Entró con los pasos recogidos, como si el suelo que pisara bajos sus pies fuera de otros. Tenía una manera de mirar como pidiendo perdón, por estar ahí, por ocupar una hora que tal vez le correspondía a alguien más roto. Dijo que venía “a entenderse un poco”, pero rápido añadió: “Nada grave»- como si dijese no quiero molestar-.
Había algo en esa frase que la delataba. No por lo que decía, sino por cómo lo decía. Con cuidado. Con una especie de consideración ceremoniosa que se parecía demasiado al miedo.
El trasfondo era como que hablar de lo suyo le parecía egoísta. Que había cosas más importantes en el mundo. Que si una tiene la suerte de estar bien, aunque sea a medias, mejor no quejarse. Pero cuando callaba, algo dentro de ella seguía hablando, bajito, como una radio encendida en otra habitación. A veces era tristeza. A veces, enfado. A veces, una sensación espesa, sin nombre, que se le instalaba en la garganta y no la dejaba dormir.
No hablaba de sí misma porque temía incomodar. Porque había aprendido que mostrar lo que una siente puede ser visto como debilidad, drama, exceso. Porque en su casa, cuando alguien lloraba, otro salía de la habitación. Porque cuando pedía algo, no se lo daban. Y cuando lo pidió dos veces, sintió como que le cerraron la puerta. Así que se quedó con la idea de que era más seguro no pedir.
Esto lo llamaba consideración. Pero no era consideración. Era un pacto de silencio con su propio miedo. En su interior vivía una especie de jueza invisible que le decía que tenía que ser correcta, equilibrada, útil. Que había que cumplir. Que sentir tristeza, rabia, necesidad… era impropio. Que estaba mal sentirse mal. Y que si no era capaz de evitarlo, al menos debía esconderlo. Esa jueza tenía muchas voces: la de su madre, la de algún maestro, la de una amiga que se burló justo cuando ella estaba siendo sincera. A veces hablaba como su propia voz, lo que era aún peor.
En psicología se habla de creencias centrales. También se habla de relaciones internalizadas. Y en algunos modelos, de esquemas tempranos. Pero ella no hablaba en esos términos, y en realidad lo que decía no era aprisionable por ningún modelo. Ella solo decía que no entendía por qué le dolía tanto el pecho si en teoría no le pasaba nada.
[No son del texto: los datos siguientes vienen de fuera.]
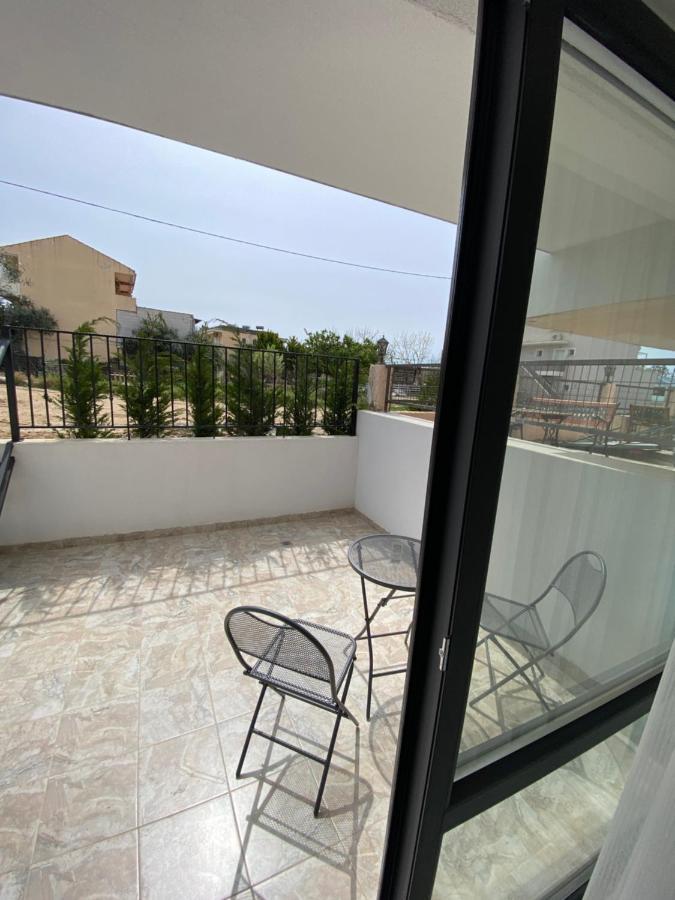 Sunny Beach Apartments Potos Buitenkant foto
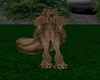 Willow Wolf Arm Fur V1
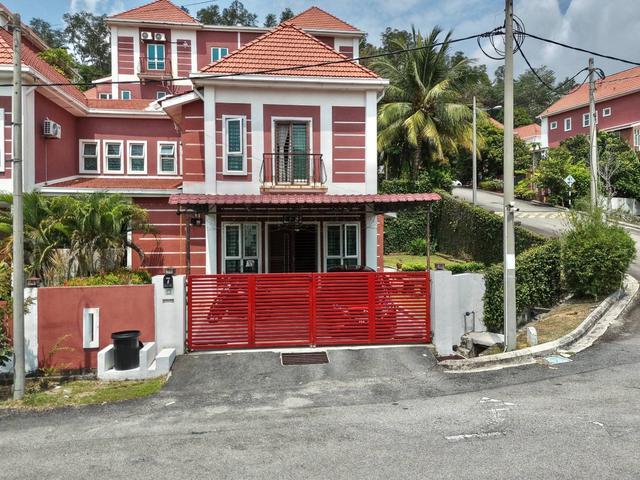 Terraced House for sale in Tanjong Sepat, Selangor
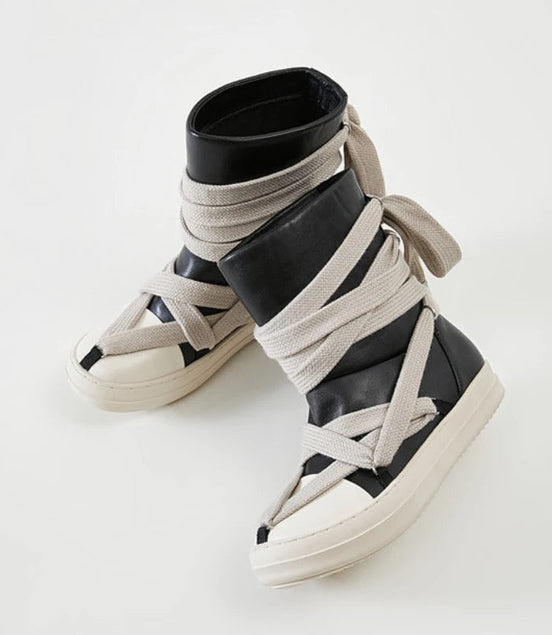 RickiO Mummy Shoes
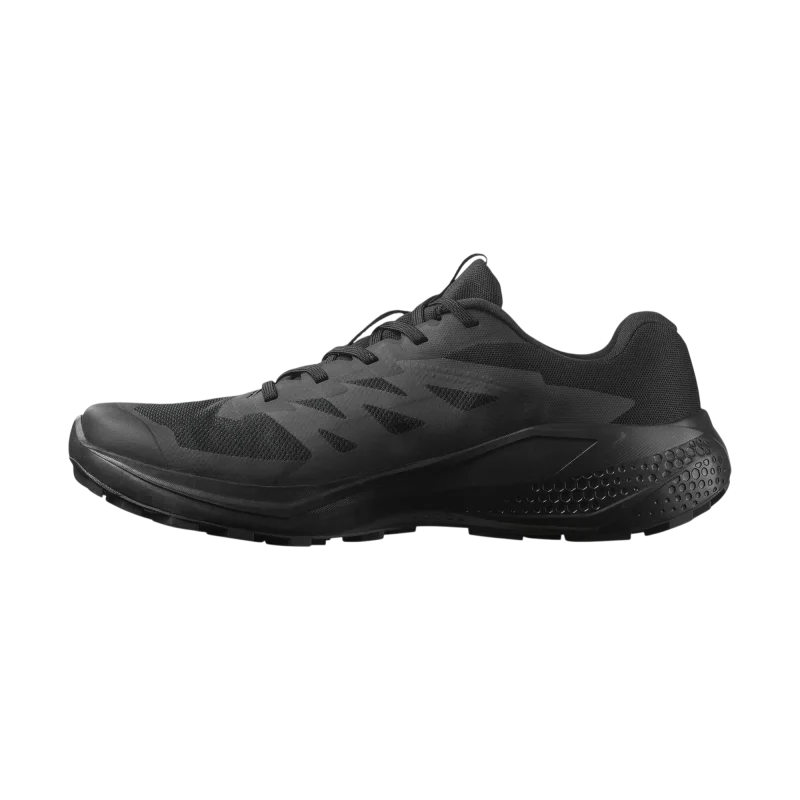 Salomon Alphaglide Gore-Tex Siyah Erkek Koşu Ayakkabısı - 2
En sesión, el tiempo pasaba despacio. Había que ir recorriendo una a una las capas de esa armadura, que como galaxias inmensas uno tenía la impresión de que podría quedarse exhausto en cualquier momento o extraviarse. Porque aunque no mostraba rabia, la había. Y aunque no hablaba de necesidad, la tenía. Y aunque no lloraba, a veces parecía que todo en ella estaba llorando.
El malestar no venía solo de sentir cosas difíciles. Venía también —y sobre todo— de no permitirse sentirlas. De no poder hablarlas. De pensar que si las compartía, molestaría. Que si mostraba su herida, decepcionaría. Que si se caía, no habría nadie al otro lado.
A veces el cambio no empieza haciendo cosas nuevas, sino dejando de pelear contra lo que ya está. Dejar de juzgarse por estar triste. Dejar de creer que una tiene que ganarse el derecho a sentirse mal. Aceptar que la emoción no es una falta. Que no hay que merecer el consuelo. Que pedir ayuda no es un crimen contra el otro.
Y entonces, muy poco a poco, la palabra empieza a salir. No como un grito. Más bien como una grieta por donde entra la luz.
Ella aún pide permiso antes de hablar. Pero a veces, solo a veces, se permite no hacerlo. Y en ese pequeño gesto, hay un mundo que empieza a cambiar. Porque hay dolores que solo se curan cuando una se atreve, al fin, a molestar un poco.